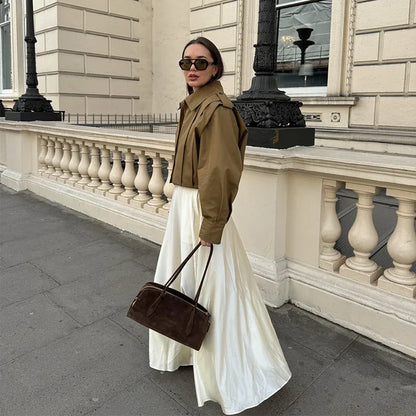 Lapel Single Breasted Loose Windbreaker Women Solid Oversized Jackets 2025 New Fashion Casual Autumn Chic High Street Outerwear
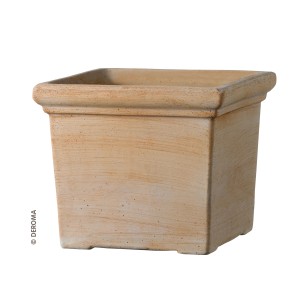 Vaso per piante Deroma Siena Tuscany in argilla Galestro, quadrato, 25,5x29,5x29,5 cm.
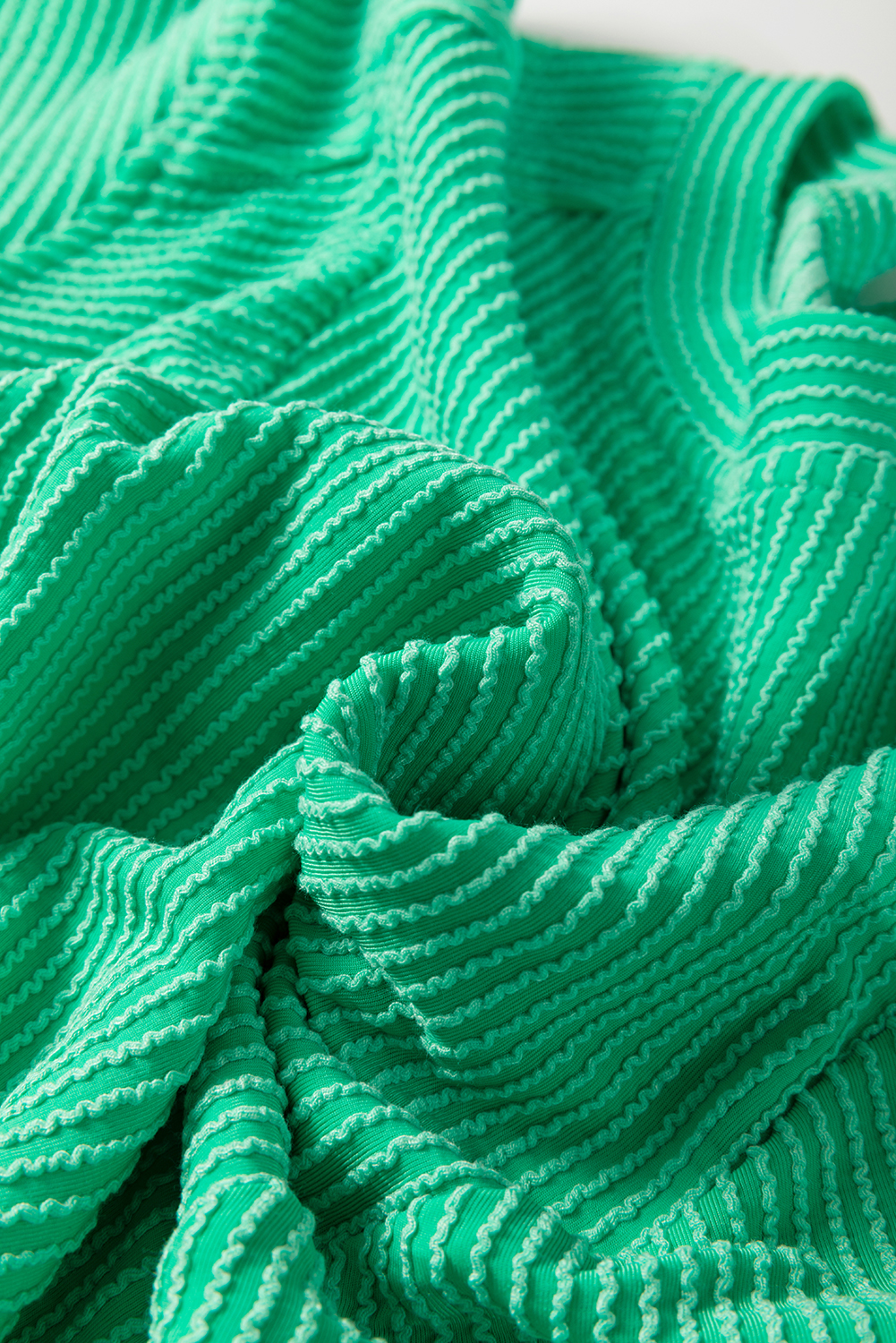 Green Solid Color Quilted Long Sleeve Top and Wide Leg Pants Set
--------------------
• WHAT YOU WILL DO
Copy the data verbatim, skipping any image it holds.

• FINAL ANSWER
 Lapel Single Breasted Loose Windbreaker Women Solid Oversized Jackets 2025 New Fashion Casual Autumn Chic High Street Outerwear
 Vaso per piante Deroma Siena Tuscany in argilla Galestro, quadrato, 25,5x29,5x29,5 cm.
 Green Solid Color Quilted Long Sleeve Top and Wide Leg Pants Set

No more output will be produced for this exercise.